For many years we have expressed education expenditures as “per-pupil spending.” This is a reasonably good way to frame the numbers, though controversy sometimes arises over what is included and what isn’t. The following is a list of different angles on the same spending. All the figures cited are for 2010, courtesy of the National Center of Education Statistics, the Bureau of Labor Statistics, and the U.S. Census Bureau.
1) Revenues collected by governments for public education in the United States totaled $593.7 billion. About $261.4 billion came from local sources, $258.2 billion from state sources, and $74 billion from federal sources.
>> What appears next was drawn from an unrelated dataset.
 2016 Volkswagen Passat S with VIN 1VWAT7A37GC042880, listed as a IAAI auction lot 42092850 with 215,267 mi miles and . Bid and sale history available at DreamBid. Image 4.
2) That’s about $1,922 from each and every American.
3) Or $2,531 from each adult, 18 and older.
4) Or $4,567 from each non-farm American worker on a payroll.
5) That amounts to 11.4 percent of the average worker’s salary, or $2.20 per hour.
6) The average American employee thus works almost one hour every day to fund public schools.
7) It would take the entire salary of 14,842,500 employees to pay for U.S. public schools, equivalent to the entire retail trade workforce.
Public education advocates often speak of school spending as an investment. It’s clear that our portfolio is heavily weighted in the education sector. The shareholders are understandably upset by weak ROIs and incessant margin calls. No wonder they responded by downsizing.
Last Week’s Intercepts. EIA’s daily blog, Intercepts, covered these topics April 16-22:
* The Evergreen Charter School Unionization Story. There you go again.
* Hawaii Pays for Performance Pay. That’s a pretty big carrot.
* Exclusive Video of Chicago Teachers Union Candidate Training. Look, it’s the queen of diamonds!
* Hedge Fund Hilarity. Fair share.
* Math Skills Not Required. We’re gonna need a bigger calculator.
Quote of the Week. “We don’t blame the firefighters when there’s a fire, and we don’t blame the police for crime! Why would we? Then why are educators being blamed for the struggles of our public schools? Let’s look at the policies and the policymakers instead of the people doing the work every day.” – Earl Wiman, current member of the National Education Association Executive Committee. (April 12 speech to the Virginia Education Association Delegate Assembly)
We pay firefighters to put out fires. We pay police officers to catch criminals. We pay teachers to educate children. NEA pays Wiman to obscure the issue.